Figure 4. ß-galactosidase activity of plasmid #1, with and without the strong constitutive promoter. Error bars on the data with a promoter show the standard deviation of two measurements.

Lactose-Induced Lysis

Our second plasmid was not finished, but necessary parts have been cloned for future construction. There remains one more cloning step to place the lysis cassette into the vector containing the promoters. The single base mutations in the lysis cassette were not made, and if time allowed, they would have been completed as the final step.

Discussion

Our final system was not completely finished; however, future construction will be minimal. The synthetic lac operon plasmid was completely constructed with the insertion of two histidyl residues in their appropriate locations. Our lactose-induced lysis plasmid was one cloning step away from being completed. The promoter and flanking terminator were cloned in parallel with the lysis cassette and a terminator. The last cloning step would be to ligate the two together. In addition, the two separate point mutations have not been made, and the final step in our cloning would be to add those mutations.
After completing the construction phase, we would characterize our system.
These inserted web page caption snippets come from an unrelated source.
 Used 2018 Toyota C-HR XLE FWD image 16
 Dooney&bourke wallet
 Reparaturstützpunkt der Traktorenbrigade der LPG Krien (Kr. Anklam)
Characterization will be completed on a construct containing our lactose inducible promoters and GFP. This would show our promoters can maintain tight expression of GFP from uninduced to induced. We would combine this construct with our first plasmid containing the mutated LacY, to show we can achieve induction by lactose even in the presence of glucose. To show the effect our lysis plasmid, it would be necessary to achieve lysis with lactose. In addition, we want to show that we can achieve lysis with lactose in the presence of glucose. Finally, the final assay we want to perform on our system would show our cells able to uptake lactose in the presence of glucose, and lyse soon after. Once the cells lyse, the cell lysis should contain ß-galactosidase at levels close to what we received from our ß-galactosidase assay on plasmid 1. Once characterization is completed, our construct would be moved to the ‘Nissle 1917’ strain where further characterization and modifications would take place.

Methods

Methods can be found here

References

1. Guarner F and Malagelada JR. 2003. Gut flora in health and disease. The Lancet, Volume 361, Issue 9356, 8 February 2003, Pages 512-519.
2. Sears CL. 2005. A dynamic partnership: Celebrating our gut flora. Anaerobe, Volume 11, Issue 5, Pages 247-251.
3. Deutscher, J., Francke, C. and Postma, P.W. 2006. How Phosphotransferase System-Related Protein Phosphorylation Regulates Carbohydrate Metabolism in Bactertia. Microbial and Molecular Biology Reviews. 2006: 939-1031
4. Hoischen, C., Levin, J., Pitaknarongphorn, S., Reizer, J., and Saier , M. H. Jr. 1996. Involvement of the central loop of the lactose permease of Escherichia coli in its allosteris regulation by the glucose-specific enzyme IIA of the phosphoenolpyruvate-dependent phosphotransferase system. J. Bacteriol. 178: 6082-6086
5. Cox RS III, Surette MG, Elowitz MB. Programming gene expression with combinatorial promoters. Mol. Syst. Biol. 2007;3:145.
6. Gründling, A., M. D. Manson, and R. Young. 2001. Holins kill without warning. Proc. Natl. Acad. Sci. USA 98:9348-9352.